狂武蔵を見た。暑いので、少しは涼むために映画でも見ようと思うのだが、新型コロナの関係か、見たいと思うような映画がない。ラブコメは趣味ではない。お子様アニメも食傷した。ワイヤープレイやCGで補強した、きれいだが売らんかな根性が丸出しのアクションは、返って暑苦しい。で、目にとまったのがこの映画。ちょうど公開の日に映画に行きたくなったのも何かの縁だろう。

宮本武蔵と吉岡一門70人の一乗寺下り松の決闘に想を受けた、ほとんどすべてチャンバラシーンで埋め尽くされた映画だ。現代の忍者・武道家を標榜する坂口拓が9年前に行った77分ワンカットのアクションシーンを中心とする。お蔵入りしたこのシーンを復活させるためにクラウドファンディングて支援を募り、映画として完成させたという。

77分は長い。ずっと休みなしの斬り合い(実態は殴り合い)が果てしなく続く。マラソンとは違い、相手がいろいろ仕掛けてくる対戦型スポーツでは、マイペースが守れない。相手の仕掛けに応じて全力で対応しているうちに、ほとんど一瞬にして体力を使い果たしてしまう。このシーン撮影時、切られ役は、坂口の体のどこを狙っても良いから全力で掛かれとと指示されていたという。シナリオなしの、77分400本勝負。これは疲れる。実際、開始後5分で体力がゼロになったと坂口は述べている。

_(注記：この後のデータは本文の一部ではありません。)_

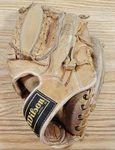 Vintage Wilson Pro Style Baseball Glove Model A2104 Jim "catfish" Hunter Rht. Fixed Price $19.99.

実際、斬り合い開始すぐ、坂口の足はもつれ始める。このとき、すでに手の指の骨が折れていたという。後半に至っては、膝をついた後、足の疲労で態勢を戻せない。それでも相手の攻撃に対する防御は的確で、剣のスピードは衰えない。それどころか、むしろ打撃の威力は増している。様々な攻撃パターンを繰り出す激闘が休みなく続いて、77分が過ぎてしまう。

見ていると、前半見られた無駄な動きが後半影を潜めている。疲労しきって、余裕がなくなっているのが良いのだ。そこまで体をいじめ抜かないと突破できない壁がある。坂口はそれに挑戦したかったのだろう。彼の武道家としての進歩を77分で見せてもらっている。そんな映画だった。

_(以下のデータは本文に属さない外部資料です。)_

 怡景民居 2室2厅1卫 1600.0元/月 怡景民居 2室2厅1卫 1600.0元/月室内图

宮本武蔵にとっても、吉岡一門との決闘はそういう意味があったのかも知れない。この映画は、井上雅彦のコミック「バガボンド」の吉岡一門との決闘の巻に強く影響されている。この巻はコミックでのアクション表現史上、最高峰に位置すると私は思う。それが、この狂ったように熱い映画を作った。

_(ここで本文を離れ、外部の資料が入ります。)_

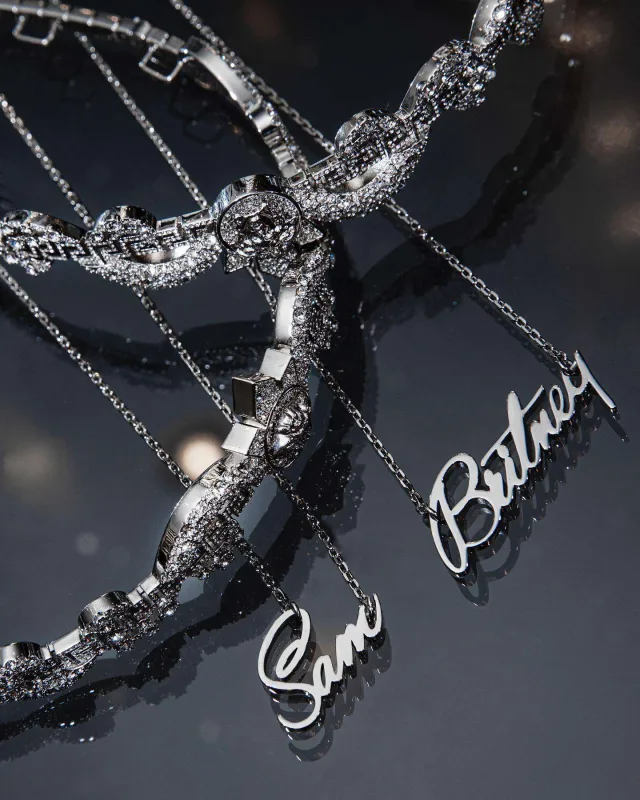 Gəlinliyi 700 saata tikilib... - Britninin toyunun detalları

https://morning.kodansha.co.jp/c/vagabond.html

ワイヤープレイとCGとスタントとショートカット細切れで固めたアクションも嫌いではないが、飽きた。最初から最後まで、ごまかしなしの一本勝負の連続が清々しかった。

というわけで、二日間続けて二回も見てしまった。